→ **Exercise details**
Output each line exactly as written, from the first line of the records to the line bearing "Drake Racerback Tank", inclusive, while leaving every picture out.

→ **Material provided**
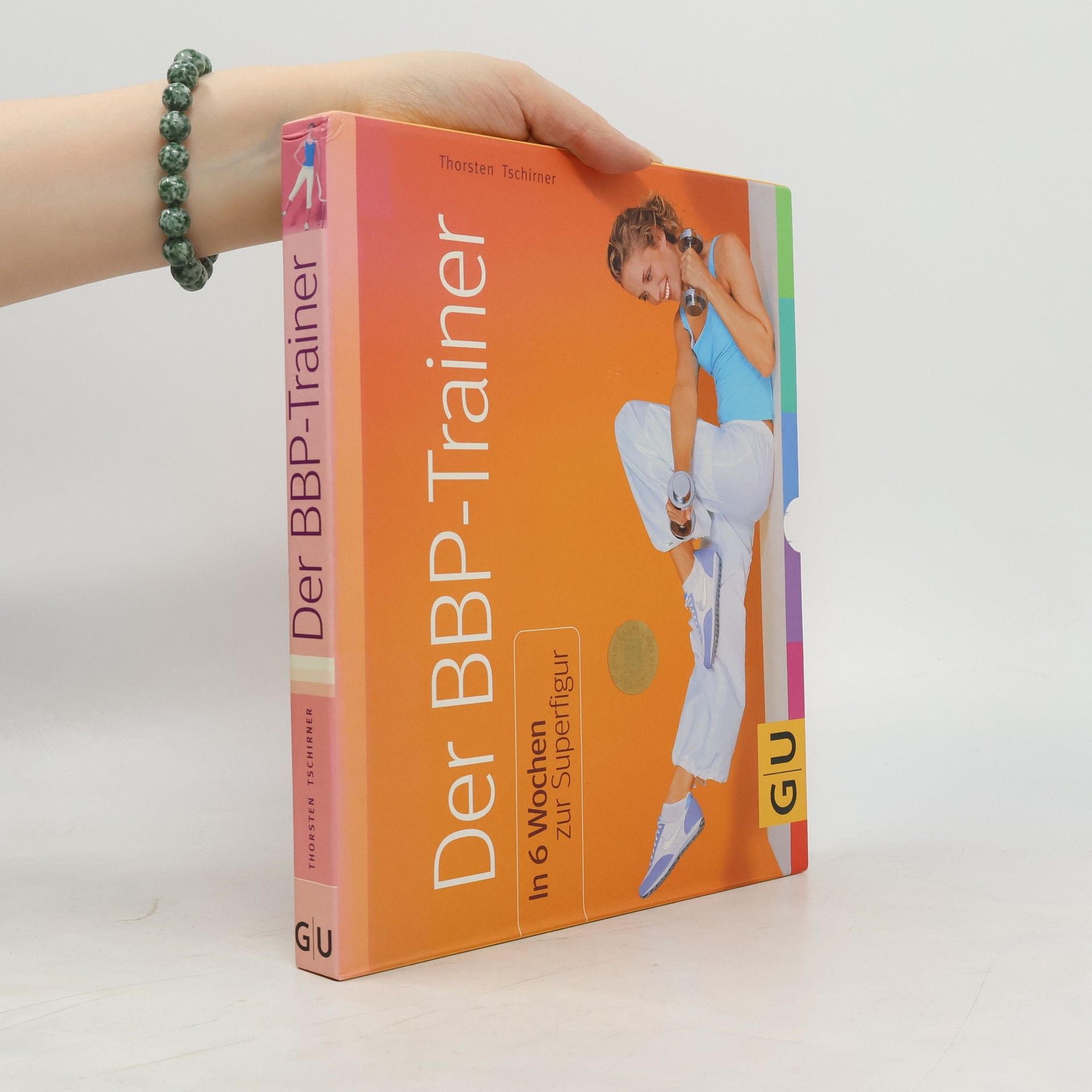 Thorsten Tschirner Der BBP-Trainer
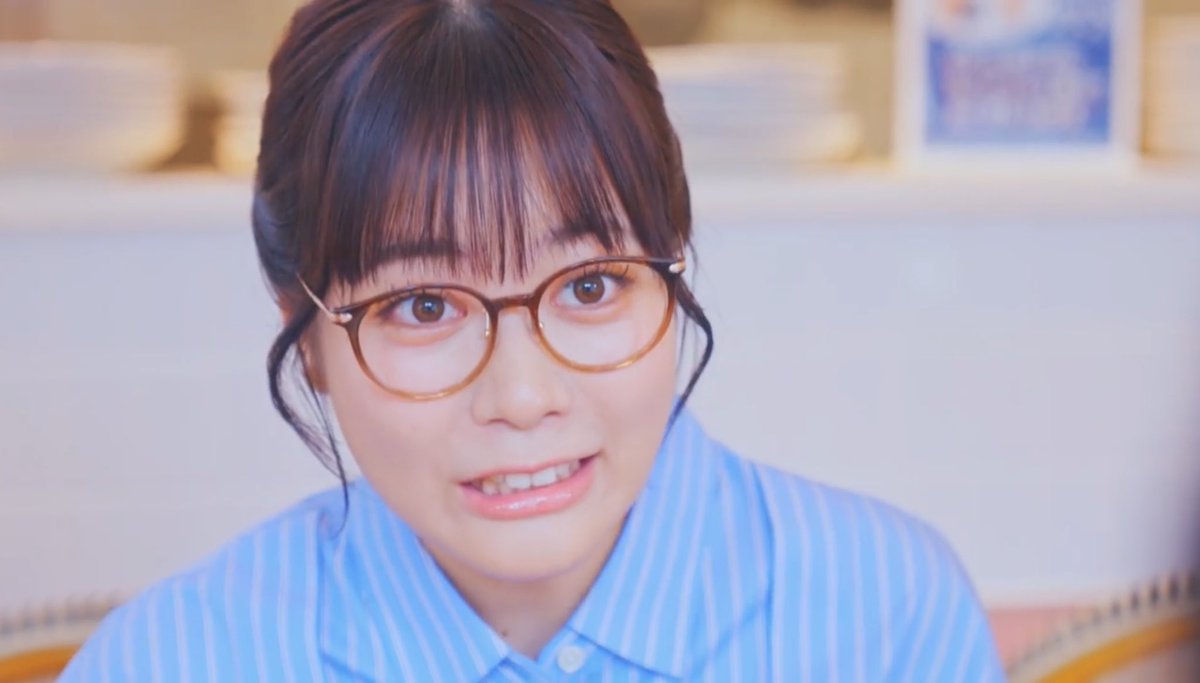 推し上司9話視聴📺
愛衣さんの良き理解者ぴかさん(東雲うみちゃん)✨️
｢でっ？｣からの｢き……！？｣
祝福しながらもつっこんだ話を聞きたがるぴかさんの表情がいい🤣
#推し上司
#東雲うみ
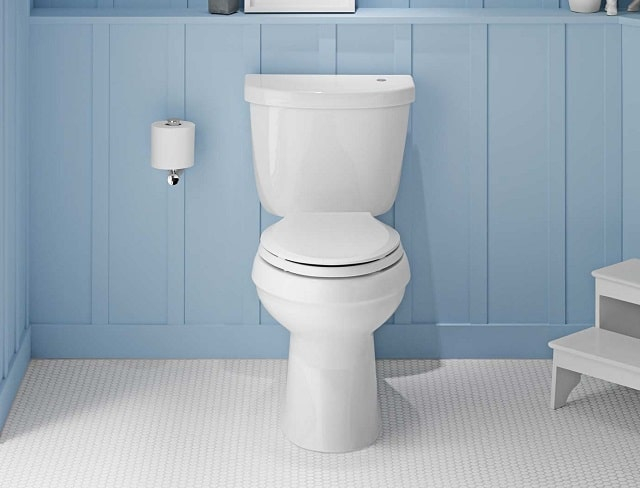 Какие бывают унитазы: виды и особенности, как выбрать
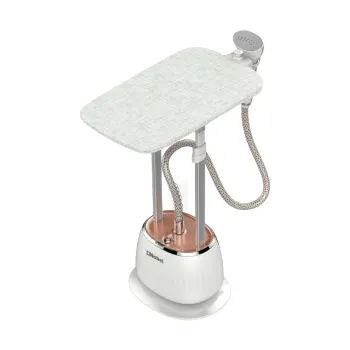 Nobel 1.6L Garment Steamer Detachable Water Tank Steamer 1800W NGS55
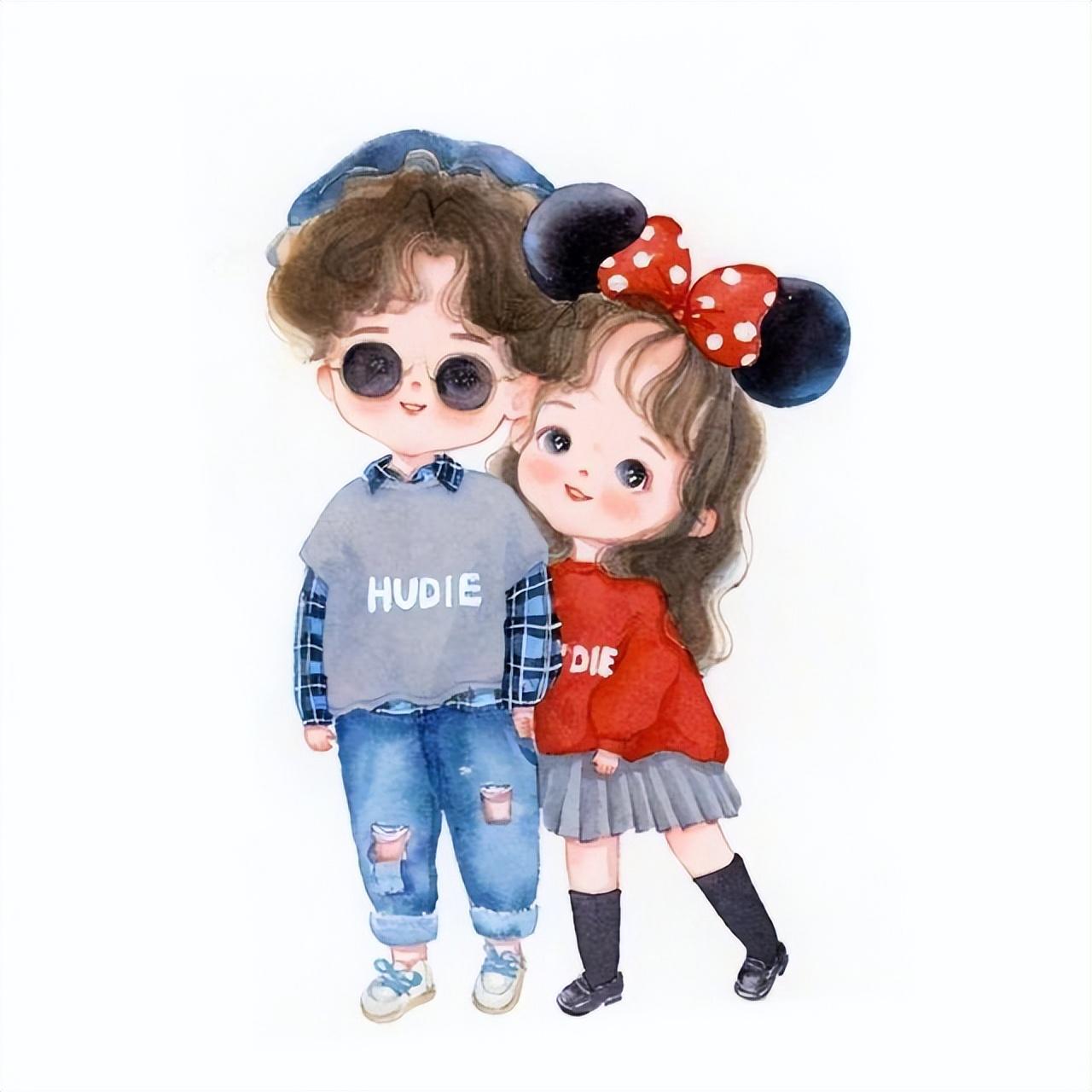 恋爱的情话句子，浪漫至极，表白必备(图1)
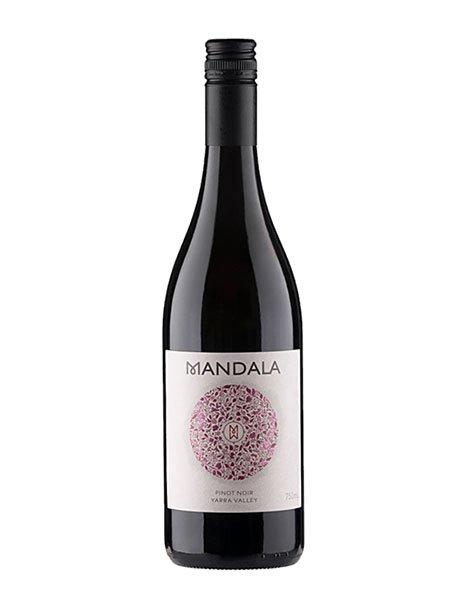 Mandala Pinot Noir - Kent Street Cellars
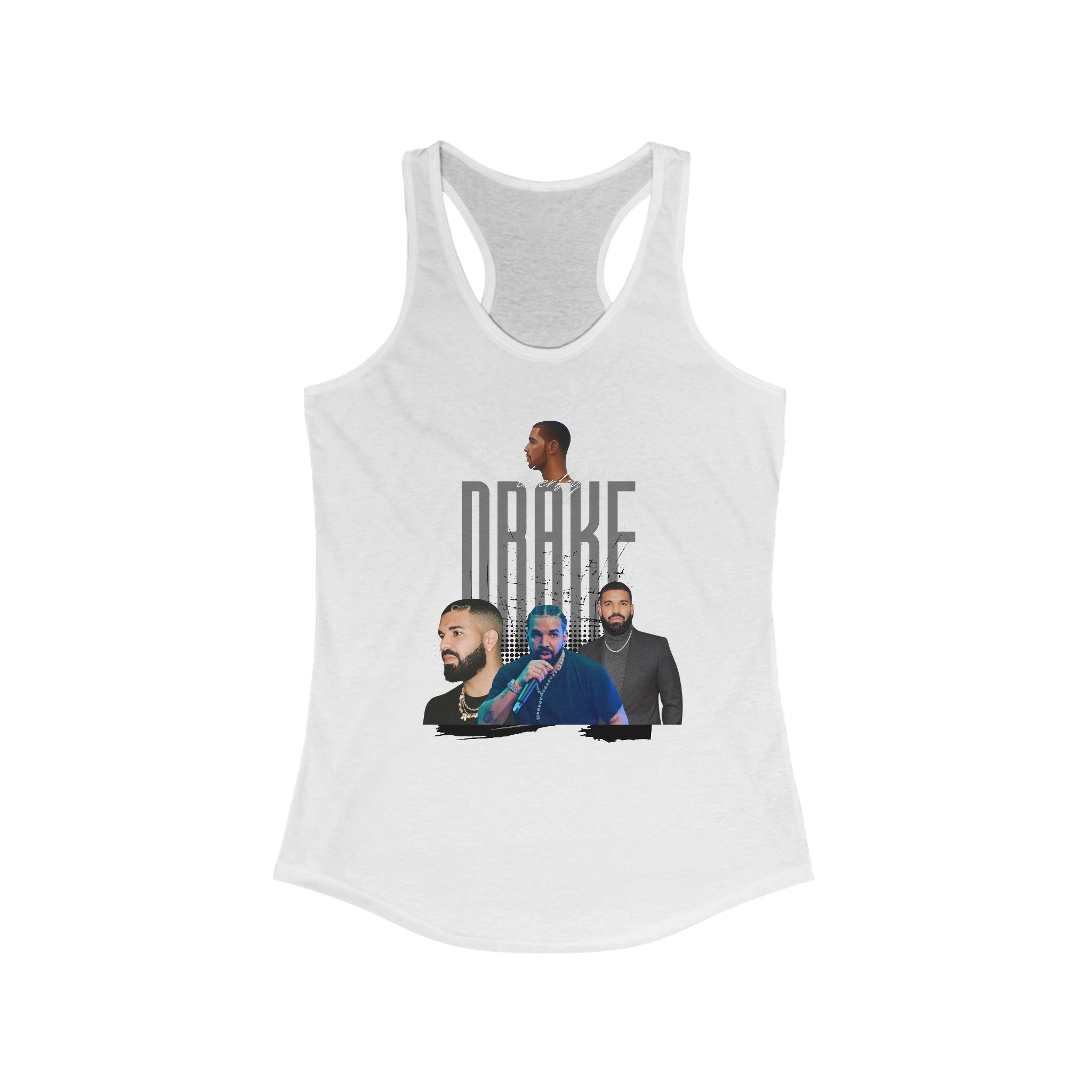 Drake Racerback Tank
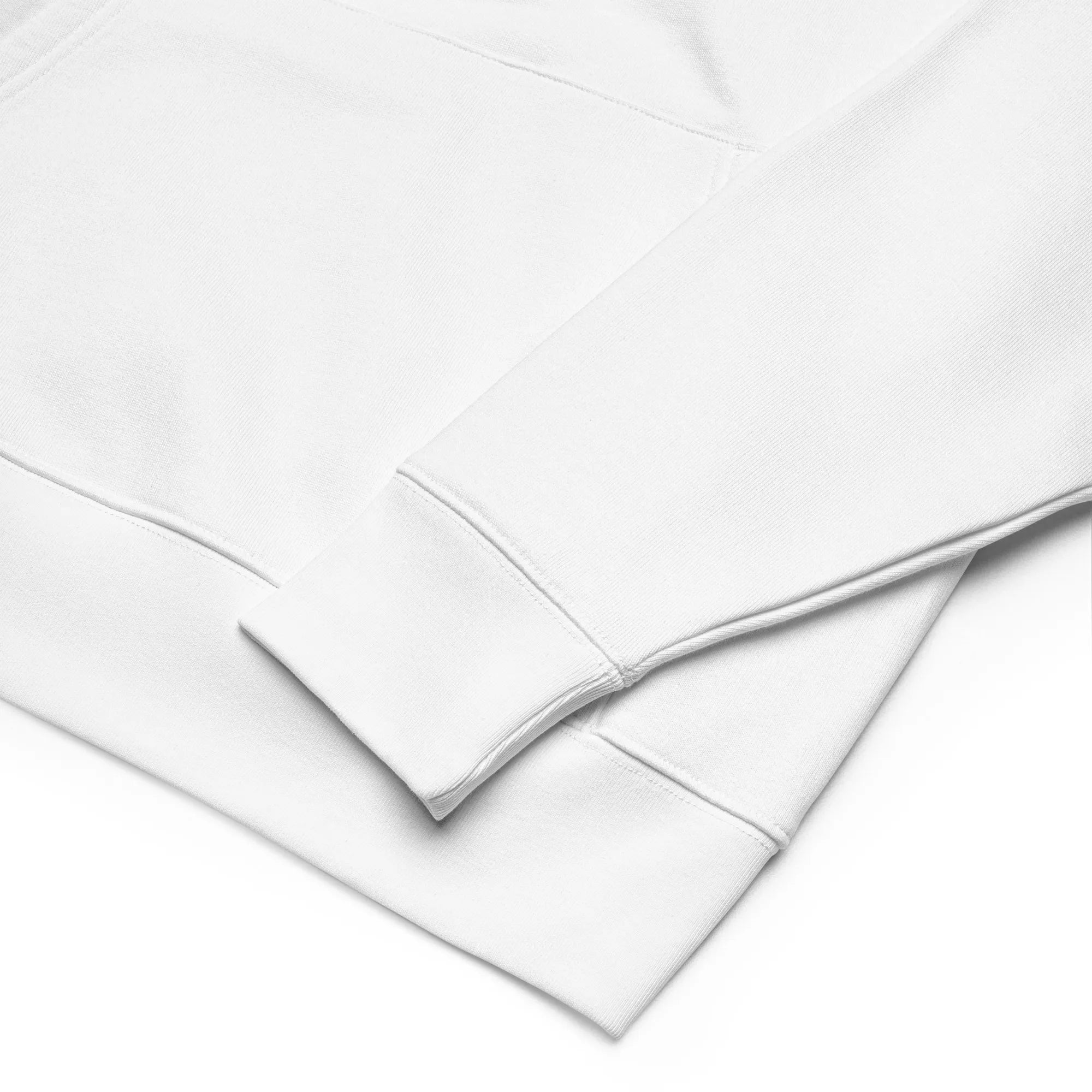 NÖ-Bär I Bio Premium Hoodie Unisex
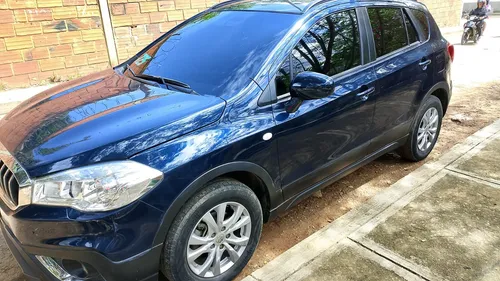 Suzuki S-Cross 1.6 Gl 2wd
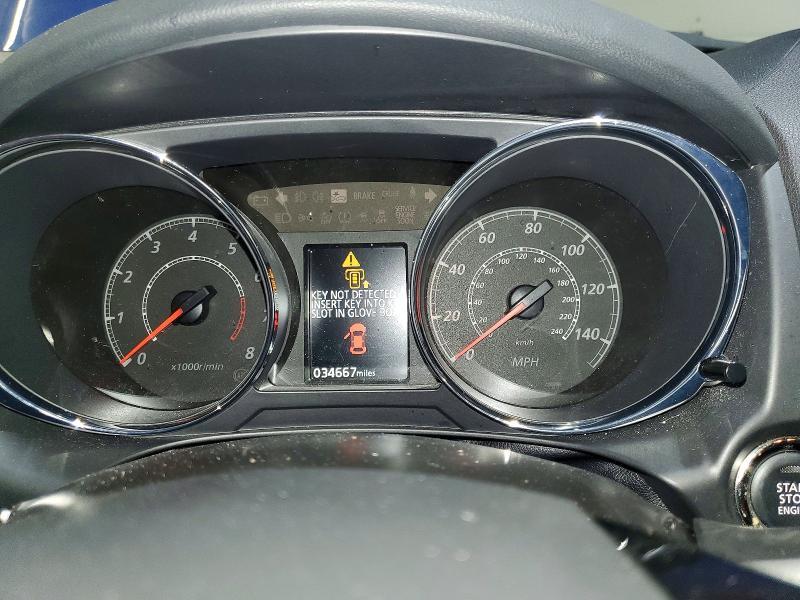 2024 Mitsubishi Outlander Sport s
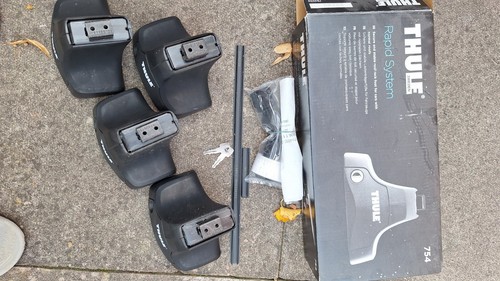 Thule rapid system - thule,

→ **Response box**
 Thorsten Tschirner Der BBP-Trainer
 推し上司9話視聴📺
愛衣さんの良き理解者ぴかさん(東雲うみちゃん)✨️
｢でっ？｣からの｢き……！？｣
祝福しながらもつっこんだ話を聞きたがるぴかさんの表情がいい🤣
#推し上司
#東雲うみ
 Какие бывают унитазы: виды и особенности, как выбрать
 Nobel 1.6L Garment Steamer Detachable Water Tank Steamer 1800W NGS55
 恋爱的情话句子，浪漫至极，表白必备(图1)
 Mandala Pinot Noir - Kent Street Cellars
 Drake Racerback Tank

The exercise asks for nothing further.